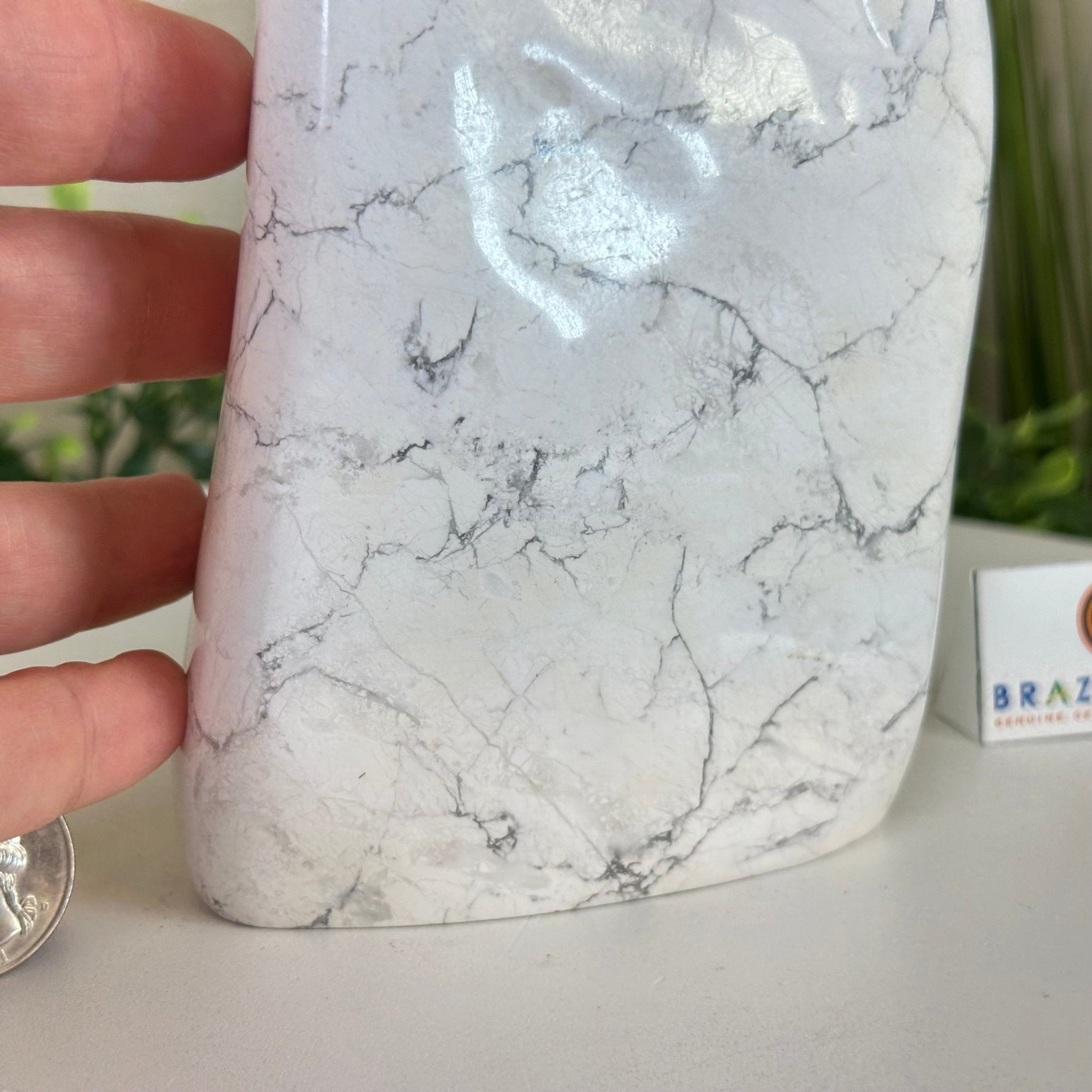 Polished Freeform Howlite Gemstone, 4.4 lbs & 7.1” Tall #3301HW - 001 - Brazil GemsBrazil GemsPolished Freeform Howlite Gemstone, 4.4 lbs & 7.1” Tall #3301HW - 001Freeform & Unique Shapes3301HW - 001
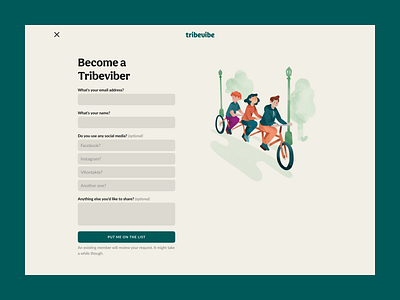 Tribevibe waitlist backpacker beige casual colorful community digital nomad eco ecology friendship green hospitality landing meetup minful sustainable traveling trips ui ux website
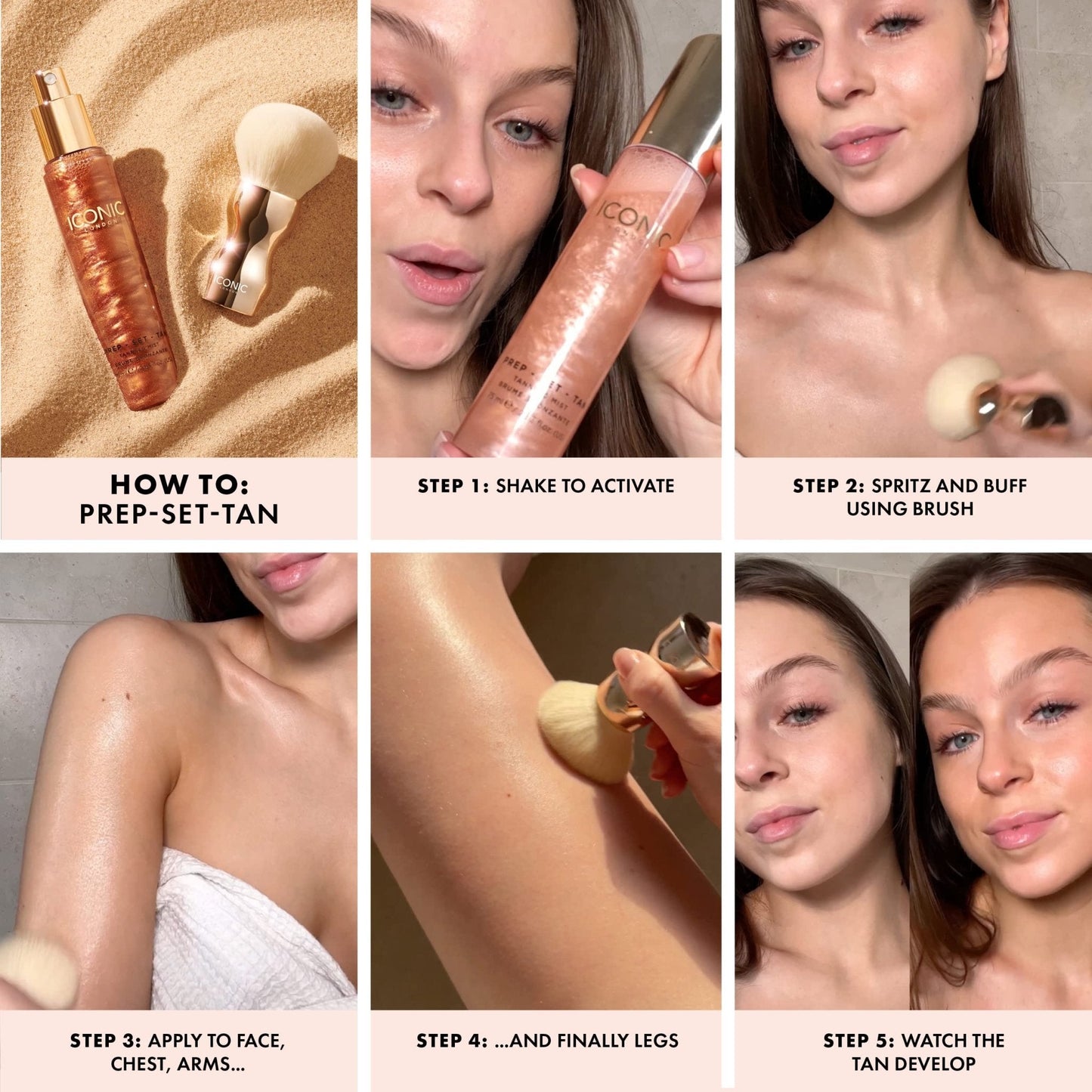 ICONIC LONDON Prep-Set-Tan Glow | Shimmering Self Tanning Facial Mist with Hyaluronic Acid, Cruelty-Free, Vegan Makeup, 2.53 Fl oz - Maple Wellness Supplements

:: Work request ::
Nothing but the listing, copied exactly and stripped of its images, should appear in the response.

:: Written solution ::
 Polished Freeform Howlite Gemstone, 4.4 lbs & 7.1” Tall #3301HW - 001 - Brazil GemsBrazil GemsPolished Freeform Howlite Gemstone, 4.4 lbs & 7.1” Tall #3301HW - 001Freeform & Unique Shapes3301HW - 001
 Tribevibe waitlist backpacker beige casual colorful community digital nomad eco ecology friendship green hospitality landing meetup minful sustainable traveling trips ui ux website
 ICONIC LONDON Prep-Set-Tan Glow | Shimmering Self Tanning Facial Mist with Hyaluronic Acid, Cruelty-Free, Vegan Makeup, 2.53 Fl oz - Maple Wellness Supplements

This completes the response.